Write out exactly the lines below starting at the one containing "Light pink, variant" and ending at the one containing "Pantalla de Suelo". Omit every picture.
*** PROVIDED ENTRIES ***
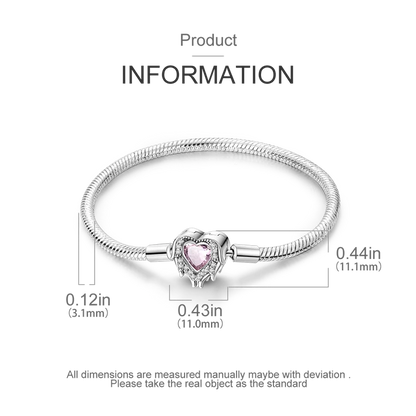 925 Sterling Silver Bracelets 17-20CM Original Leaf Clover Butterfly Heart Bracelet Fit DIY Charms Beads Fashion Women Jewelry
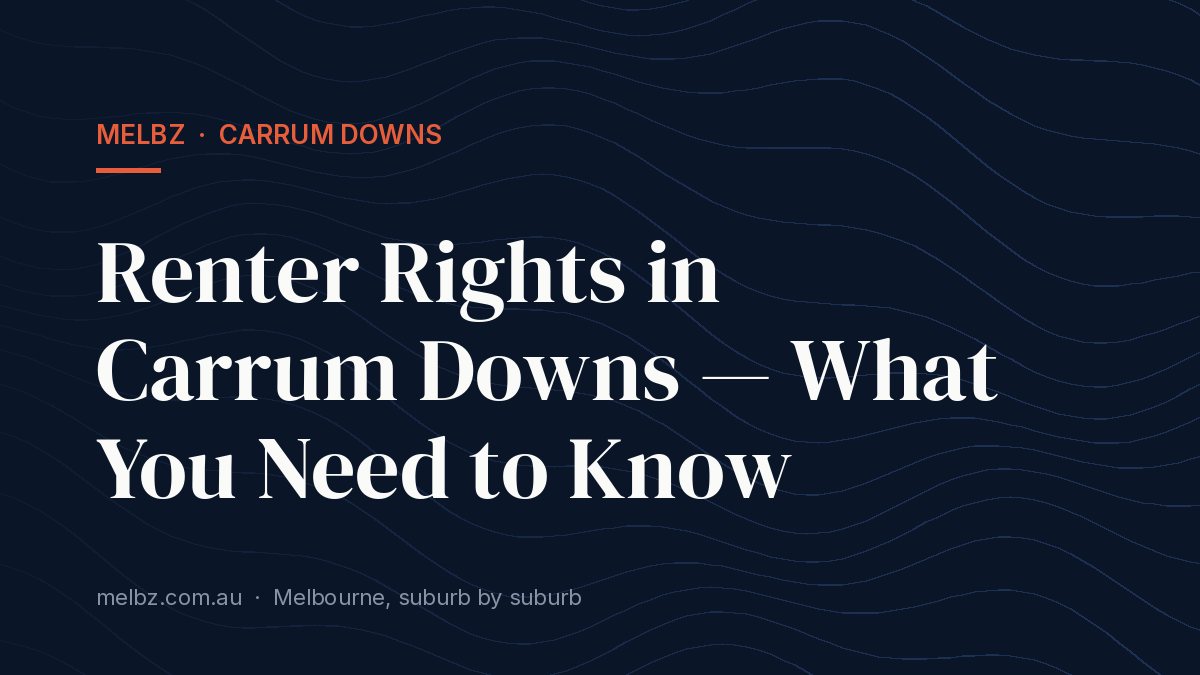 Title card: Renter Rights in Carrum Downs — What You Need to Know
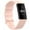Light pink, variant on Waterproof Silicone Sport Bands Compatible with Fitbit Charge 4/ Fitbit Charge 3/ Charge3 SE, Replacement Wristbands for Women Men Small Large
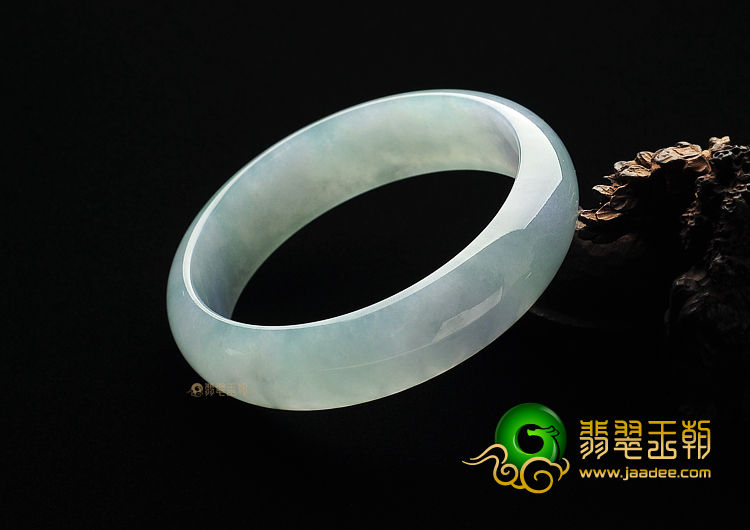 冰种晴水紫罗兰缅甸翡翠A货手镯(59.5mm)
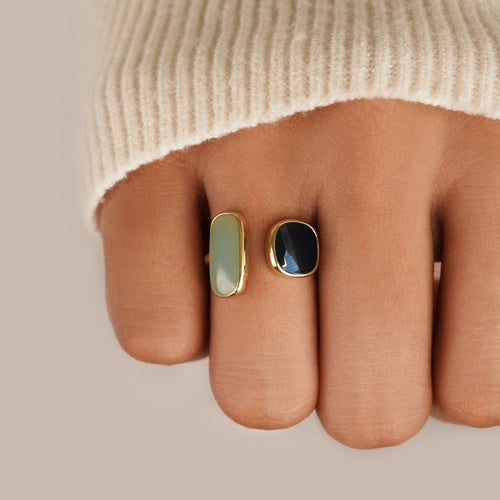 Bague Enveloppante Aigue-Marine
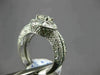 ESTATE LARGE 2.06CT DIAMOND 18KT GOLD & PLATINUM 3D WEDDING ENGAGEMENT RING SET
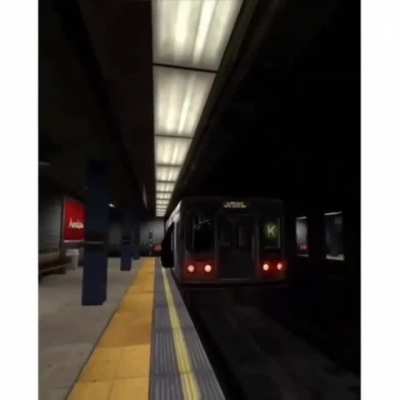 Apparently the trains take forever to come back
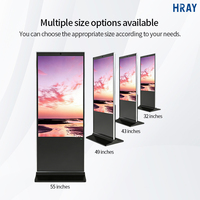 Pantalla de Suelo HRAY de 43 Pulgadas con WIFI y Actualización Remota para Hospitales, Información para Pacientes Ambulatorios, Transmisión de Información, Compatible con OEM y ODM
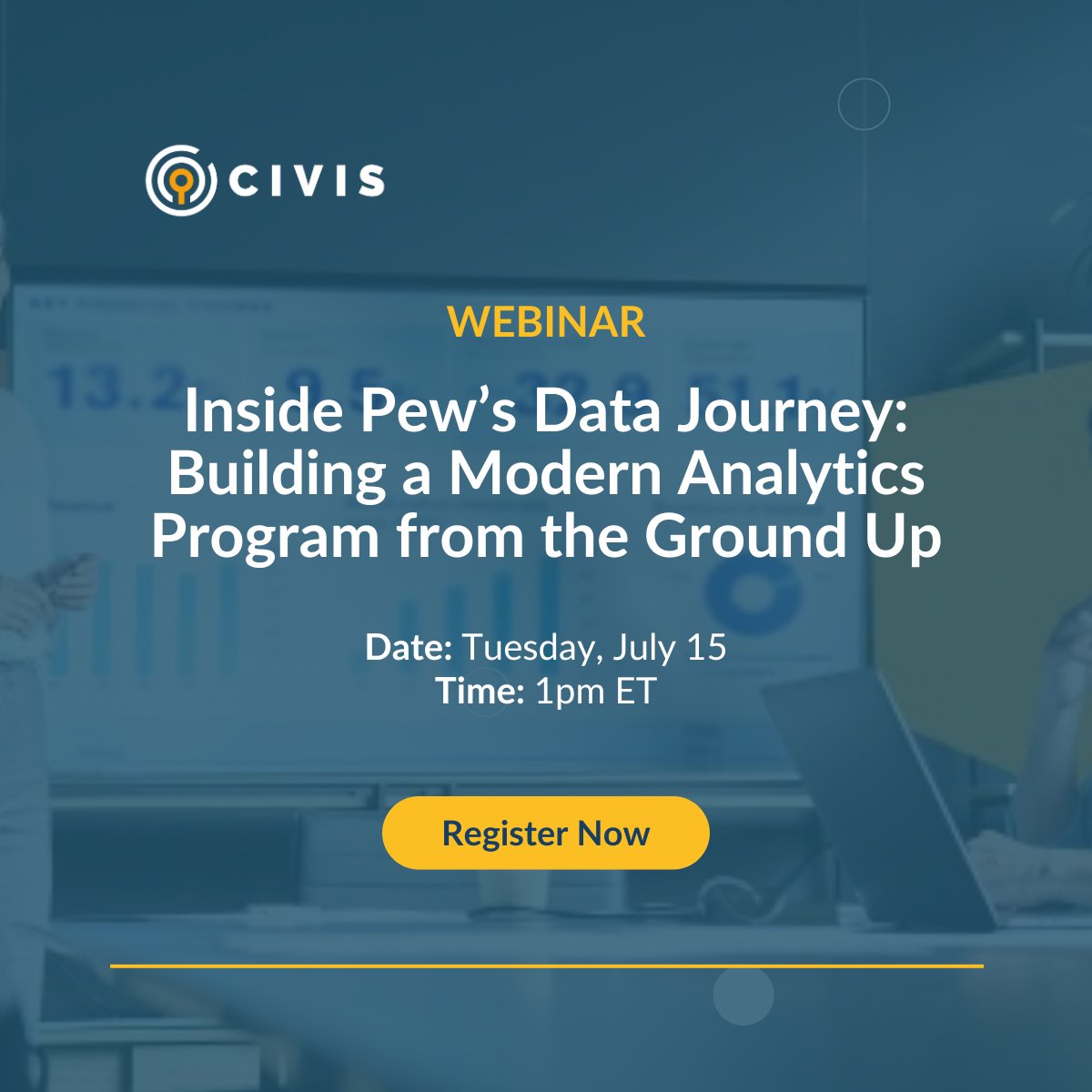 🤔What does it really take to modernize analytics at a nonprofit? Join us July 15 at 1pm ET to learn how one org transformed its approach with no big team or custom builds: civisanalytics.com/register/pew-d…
*** End of PROVIDED ENTRIES ***
WRITTEN RESPONSE →
Light pink, variant on Waterproof Silicone Sport Bands Compatible with Fitbit Charge 4/ Fitbit Charge 3/ Charge3 SE, Replacement Wristbands for Women Men Small Large
 冰种晴水紫罗兰缅甸翡翠A货手镯(59.5mm)
 Bague Enveloppante Aigue-Marine
 ESTATE LARGE 2.06CT DIAMOND 18KT GOLD & PLATINUM 3D WEDDING ENGAGEMENT RING SET
 Apparently the trains take forever to come back
 Pantalla de Suelo HRAY de 43 Pulgadas con WIFI y Actualización Remota para Hospitales, Información para Pacientes Ambulatorios, Transmisión de Información, Compatible con OEM y ODM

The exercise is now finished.